I've recently put a new ignition control module on my Ariens GT20 with a Kohler 20hp engine. It started and ran fine for 10 minutes. I shut it off and went to start it a few days later. The solenoid clicked and the starter turned very slow. I replaced the solenoid and same thing. I replaced the starter (had to pull the engine) and tried again. Now the solenoid is making a grinding sound and ther starter does not turn at all. It seems to be an electrical issue of current not getting to the starter, but I'm not sure what could be causing it. Solenoid is new and all cables seem to be OK. Fuse is good. Any thoughts on what it could be? This tractor is very frustrating.


----------



## Country Boy (Mar 18, 2010)

Sounds like your battery is bad. Try putting your voltmeter on it and have someone try to crank the engine.

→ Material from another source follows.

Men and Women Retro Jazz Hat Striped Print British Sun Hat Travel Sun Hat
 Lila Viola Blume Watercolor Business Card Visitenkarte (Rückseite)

If the voltage drops below 9-10v when cranking, then the battery is probably bad, or you have a bad ground between the battery and the starter. Check your grounds to be sure they are clean and tight.


----------



## GTcollector (Dec 27, 2010)

Country Boy said:


> Sounds like your battery is bad. Try putting your voltmeter on it and have someone try to crank the engine. If the voltage drops below 9-10v when cranking, then the battery is probably bad, or you have a bad ground between the battery and the starter. Check your grounds to be sure they are clean and tight.


Thats what it sounds like, Is it just me or do some of the Ariens with the twins seem to have more electrical issues? I guess its just the nature of the beast when you get more lights and gadgets.


----------



## Country Boy (Mar 18, 2010)

The GT's in general from Ariens had wiring issues. If you look at the rat's nest of wires under the dash area by the battery, you'd see why. They over engineered that unit, and there are way more wires there than there really needs to be. A modern tractor has probably 1/4-1/2 of the number of wires compared to those tractors.


----------



## allenbowman4 (Apr 26, 2014)

New battery did the trick. Thanks! However, after one mowing I now have a hydraulic line leaking......ugh! Back to the garage.


----------